Monday, February 8, 2010

Super Bowl Ad Awards For The Non-Poetic

By now, the 40-some minutes of Super Bowl advertising have been sliced and diced a thousand different ways. And, while there are plenty of opinions of the best and worst, funniest and failures, award winners and money wasters, noteworthy and not worthy, I'd like to dole out a few accolades of my own that vary just a bit from the standard ad awards.

The Water Cooler Winner

The CBS Late Show promo with David Letterman/Oprah Winfrey/Jay Leno



This was easily the most talked about ad on Monday. For me, on first glance, I thought surely Leno's appearance was a digital trick, but further viewings showed it was Jay live and in person, which made it even more noteworthy. Some nice brand polish for CBS, The Late Show, Letterman, and for the guy who needed it the most, Jay Leno.
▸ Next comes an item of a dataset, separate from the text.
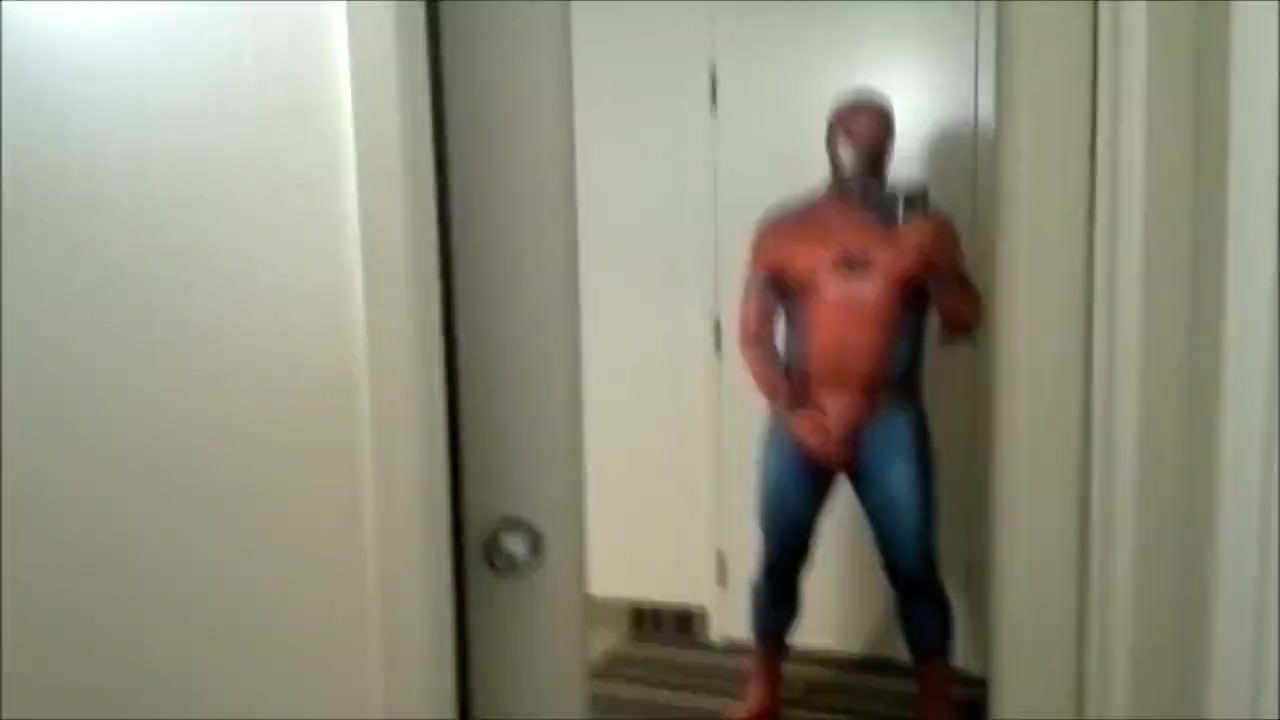 Quick Stroke in Hotel Elevator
"A" For Execution But... Award

Google Parisian Love



The ad critics said "Wow!" but everyone else seemed to say "Why?" Execution-wise, it was simple, wonderfully done, and cut to heart of Google's content and function. However, most non-ad folks (and even some poets) were nonplussed and wondered why Google needed to even bother with a Super Bowl ad when they own 90% of the market. Fact is Google, in their quest for Internet domination, has their sights set on search advertisers and small business owners, as well as well-financed competition in the form of Microsoft's Bing. A little brand enhancement on a big stage couldn't hurt.

Honorable mention: The Intel spot featuring the moping robot. Well done, funny, and a Top-5 TiVo most watched ranking but, like Google, it left viewers wondering why the item that dominates the market felt the need to advertise.


The WTF Award

A tie between KGB, Boost Mobile, and TruTv/NFL Full Contact

Offering a pay-per-use text message question answering service (sorta like Google, but not free), KGB was well ahead in the WTF competition with their Sumo spot (that did little to fully explain what the hell they offered), until Boost Mobile rolled out their poorly produced Boost Mobile Shuffle spot that was a parody of the Chicago Bear's Super Bowl Shuffle video from 1985! The original Super Bowl Shuffle video was brutally bad and resurrecting it and some of its' principals 25 years later made me think Boost Mobile was selling a male sexual enhancement product. Finally, if you were late getting back to the TV after halftime, you might have missed TruTv/NFL Full Contact's spot taking off on the Punxatawney Phil groundhog ceremony that used a creature that looked like a sinister cross between Troy Polamalu and a troll doll. And I'm still not sure what in the world they were selling...


Best Pointless Celebrity Appearance Award

Vizio trotted out Beyonce to sing and look lovely...for a few precious seconds, until she was whisked away by a dark, menacing robotic claw and deposited into a giant industrial stew that contained zombies, dentists, and seemingly every Internet app icon known to man, as well as plenty of pop culture references past and present. By the time it was over, I found myself suffering from icon overload and had pretty much forgotten Beyonce was in the spot to being with...


Animated Animal Award

While I've always said, "You can't go wrong with monkeys on Super Bowl Sunday," chimps were strangely absent this year. Instead, this Super Bowl 44's best animated animal was Monster.com's fiddling beaver. Nicely executed, showed in plain terms that there's a job for everyone at monster.com, and more importantly on Super Bowl Sunday, it did it all while still being entertaining.

And finally...

The Please, For The Love Of God, Go Away! Award

This one was the easiest for our judging panel (me and the office dog) to decide and I'm not even gonna dignify it with a link: Godaddy.com's spot with Danica Patrick and her stripping (insert overly excited, well endowed female role here). The concept was cute and naughty when they first did it several years ago, but now it's just stale. I'm sure the only thing that's changed is the amount of nudity on the website you're directed to so one can see the "too hot for TV" content (not that I've even bothered). And if you're gonna look at naked women on the Internet, you're surely not gonna go to the godaddy.com site (errr...ummm...from what I hear). Granted, having Danica Patrick onboard as an endorser is big, especially since she's now making a run at Nascar, but godaddy.com would be better served in the future to fake the tease and use the opportunity to actually extoll their virtues, lest they risk becoming known more for their risque ads than their actual web-hosting and domain name registering services...


So there you go, my take on Super Bowl 44's ads...with no Doritos, no Bud Light, and no poetry. Now, when does the 2010 football season start again?